__Entries supplied__.
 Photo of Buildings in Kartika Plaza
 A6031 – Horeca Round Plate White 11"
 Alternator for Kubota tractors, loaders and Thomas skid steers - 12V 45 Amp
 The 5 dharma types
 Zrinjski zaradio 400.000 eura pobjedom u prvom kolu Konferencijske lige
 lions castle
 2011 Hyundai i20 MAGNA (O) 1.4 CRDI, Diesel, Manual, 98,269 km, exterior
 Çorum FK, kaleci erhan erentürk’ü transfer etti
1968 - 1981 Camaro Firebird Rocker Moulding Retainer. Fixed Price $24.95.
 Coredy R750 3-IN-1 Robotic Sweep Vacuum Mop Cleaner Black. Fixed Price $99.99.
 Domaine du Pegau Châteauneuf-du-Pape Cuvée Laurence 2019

* * *

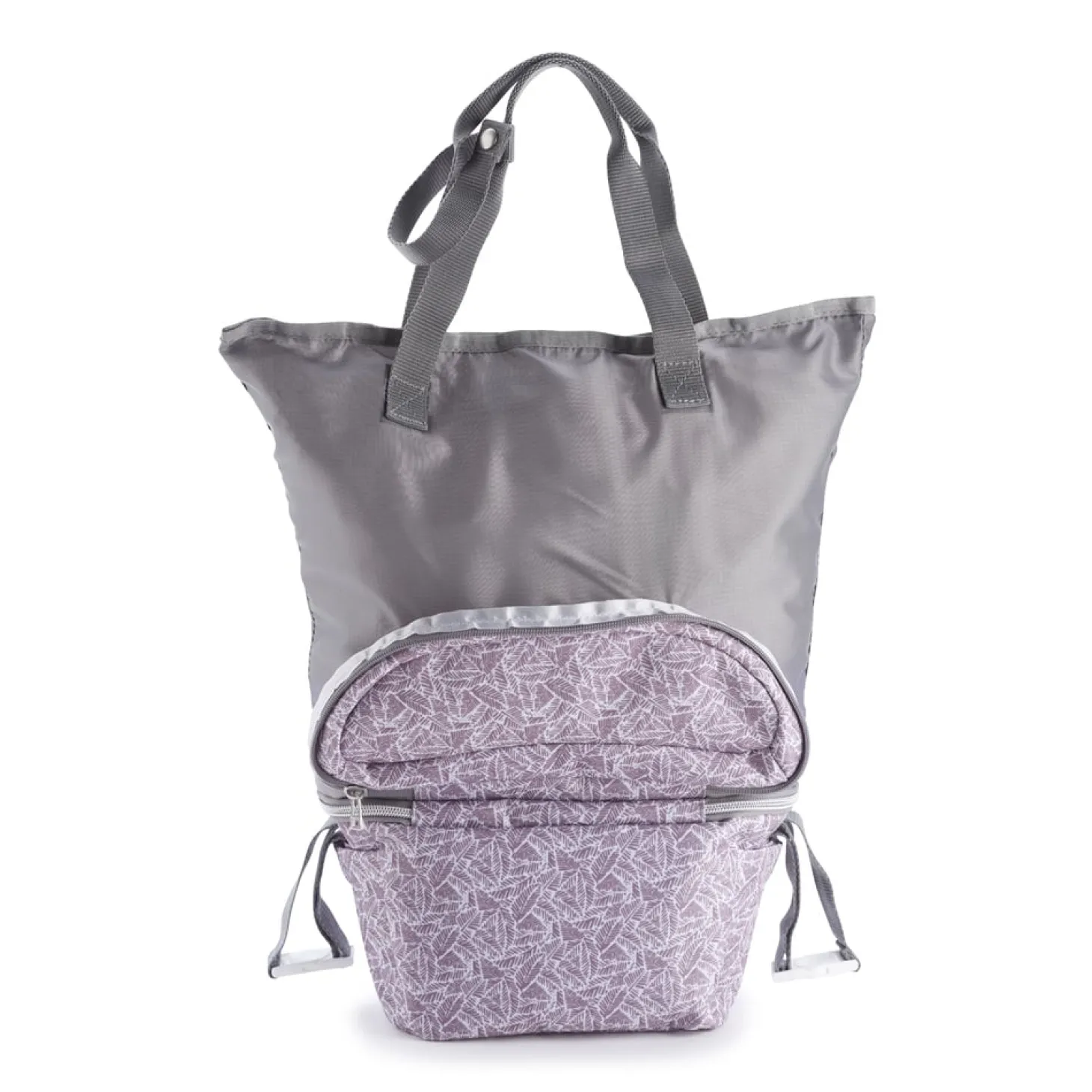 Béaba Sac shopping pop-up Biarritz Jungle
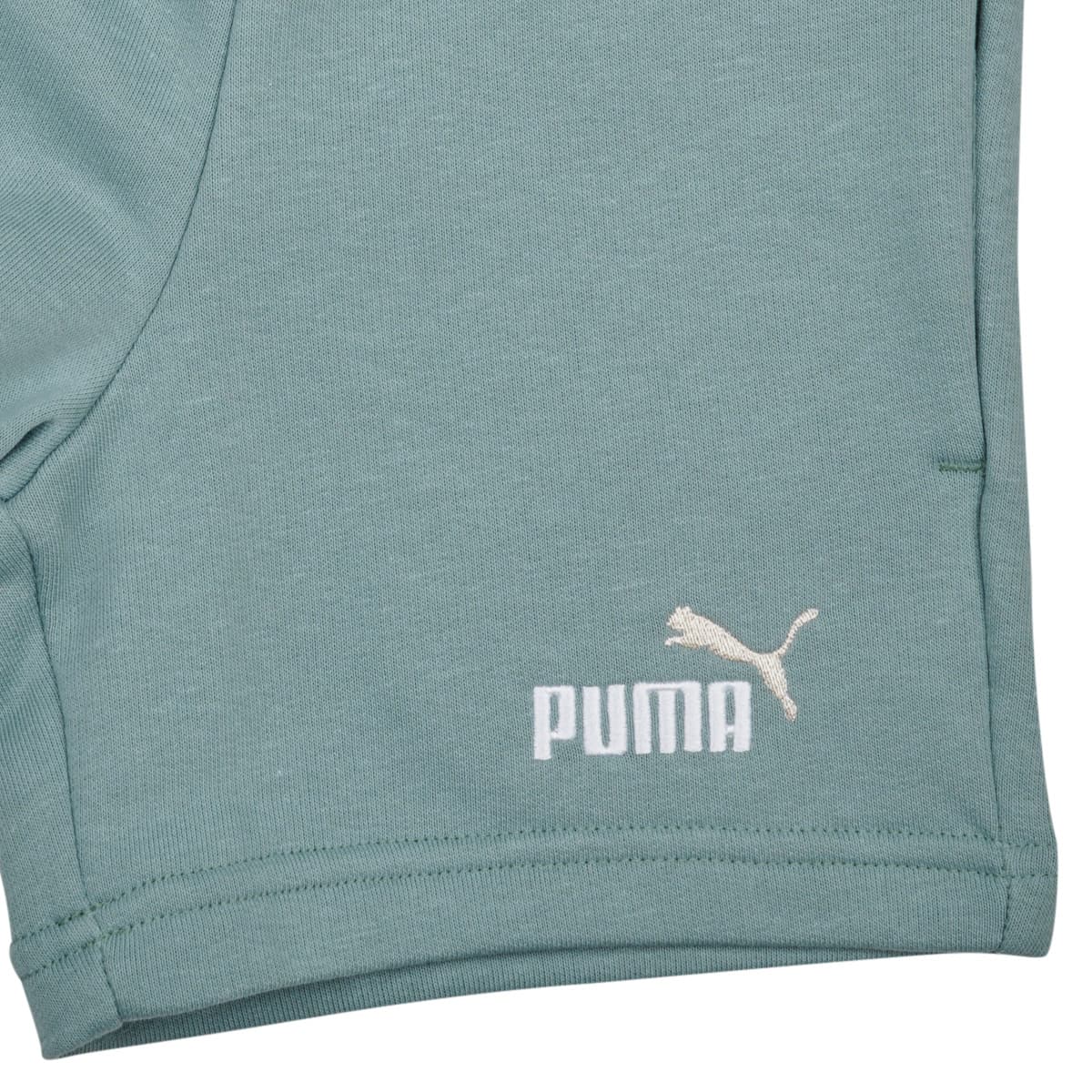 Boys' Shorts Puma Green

__What you need to do__. All lines in the listing above from the line containing "The 5 dharma types" to the line containing "Domaine du Pegau", inclusive, should be retyped exactly; no other lines should appear.

__Reply to the exercise__.
 The 5 dharma types
 Zrinjski zaradio 400.000 eura pobjedom u prvom kolu Konferencijske lige
 lions castle
 2011 Hyundai i20 MAGNA (O) 1.4 CRDI, Diesel, Manual, 98,269 km, exterior
 Çorum FK, kaleci erhan erentürk’ü transfer etti
1968 - 1981 Camaro Firebird Rocker Moulding Retainer. Fixed Price $24.95.
 Coredy R750 3-IN-1 Robotic Sweep Vacuum Mop Cleaner Black. Fixed Price $99.99.
 Domaine du Pegau Châteauneuf-du-Pape Cuvée Laurence 2019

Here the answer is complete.